Agent Brain Expert Skill
Expert-level skill for Agent Brain document search with five modes: BM25 (keyword), Vector (semantic), Hybrid (fusion), Graph (knowledge graph), and Multi (comprehensive fusion).
Contents
- Search Modes
- Mode Selection Guide
- GraphRAG (Knowledge Graph)
- Indexing & Folder Management
- Content Injection
- Job Queue Management
- Server Management
- Cache Management
- When Not to Use
- Best Practices
- Reference Documentation
Search Modes
| Mode | Speed | Best For | Example Query |
|------|-------|----------|---------------|
| bm25 | Fast (10-50ms) | Technical terms, function names, error codes | "AuthenticationError" |
| vector | Slower (800-1500ms) | Concepts, explanations, natural language | "how authentication works" |
| hybrid | Slower (1000-1800ms) | Comprehensive results combining both | "OAuth implementation guide" |
| graph | Medium (500-1200ms) | Relationships, dependencies, call chains | "what calls AuthService" |
| multi | Slowest (1500-2500ms) | Most comprehensive with entity context | "complete auth flow with dependencies" |
Mode Parameters
| Parameter | Default | Description |
|-----------|---------|-------------|
| --mode | hybrid | Search mode: bm25, vector, hybrid, graph, multi |
| --threshold | 0.3 | Minimum similarity (0.0-1.0) |
| --top-k | 5 | Number of results |
| --alpha | 0.5 | Hybrid balance (0=BM25, 1=Vector) |
Mode Selection Guide
Use BM25 When
Searching for exact technical terms:
agent-brain query "recursiveCharacterTextSplitter" --mode bm25
agent-brain query "ValueError: invalid token" --mode bm25
agent-brain query "def process_payment" --mode bm25
Counter-example - Wrong mode choice:
# BM25 is wrong for conceptual queries
agent-brain query "how does error handling work" --mode bm25 # Wrong
agent-brain query "how does error handling work" --mode vector # Correct
Use Vector When
Searching for concepts or natural language:
agent-brain query "best practices for error handling" --mode vector
agent-brain query "how to implement caching" --mode vector
Counter-example - Wrong mode choice:
# Vector is wrong for exact function names
agent-brain query "getUserById" --mode vector # Wrong - may miss exact match
agent-brain query "getUserById" --mode bm25 # Correct - finds exact match
Use Hybrid When
Need comprehensive results (default mode):
agent-brain query "OAuth implementation" --mode hybrid --alpha 0.6
agent-brain query "database connection pooling" --mode hybrid
Alpha tuning:
--alpha 0.3- More keyword weight (technical docs)--alpha 0.7- More semantic weight (conceptual docs)
Use Graph When
Exploring relationships and dependencies:
agent-brain query "what functions call process_payment" --mode graph
agent-brain query "classes that inherit from BaseService" --mode graph --traversal-depth 3
agent-brain query "modules that import authentication" --mode graph
Prerequisite: Requires ENABLE_GRAPH_INDEX=true during server startup.
Use Multi When
Need the most comprehensive results:
agent-brain query "complete payment flow implementation" --mode multi --include-relationships
GraphRAG (Knowledge Graph)
GraphRAG enables relationship-aware retrieval by building a knowledge graph from indexed documents.
Enabling GraphRAG
export ENABLE_GRAPH_INDEX=true
agent-brain start
Graph Query Types
| Query Pattern | Example |
|---------------|---------|
| Function callers | "what calls process_payment" |
| Class inheritance | "classes extending BaseController" |
| Import dependencies | "modules importing auth" |
| Data flow | "where does user_id come from" |
See Graph Search Guide for detailed usage.
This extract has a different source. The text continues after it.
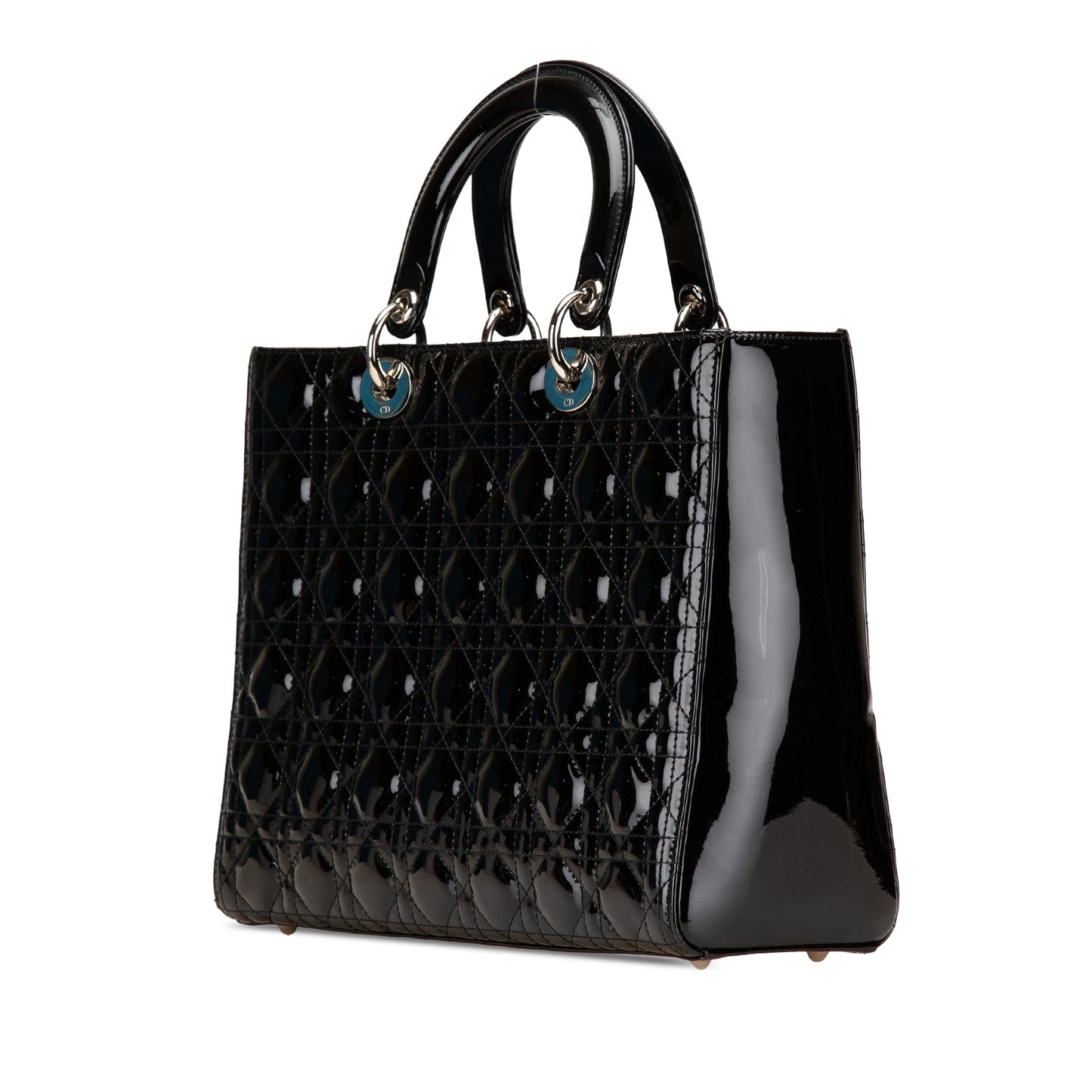 Dior Large Patent Cannage Lady Dior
Indexing & Folder Management
Indexing with File Type Presets
# Index only Python files
agent-brain index ./src --include-type python
# Index Python and documentation
agent-brain index ./project --include-type python,docs
# Index all code files
agent-brain index ./repo --include-type code
# Force full re-index (bypass incremental)
agent-brain index ./docs --force
Use agent-brain types list to see all 14 available presets.
Folder Management
agent-brain folders list # List indexed folders with chunk counts
agent-brain folders add ./docs # Add folder (triggers indexing)
agent-brain folders add ./src --include-type python # Add with preset filter
agent-brain folders remove ./old-docs --yes # Remove folder and evict chunks
Incremental Indexing
Re-indexing a folder automatically detects changes:
- Unchanged files are skipped (mtime + SHA-256 checksum)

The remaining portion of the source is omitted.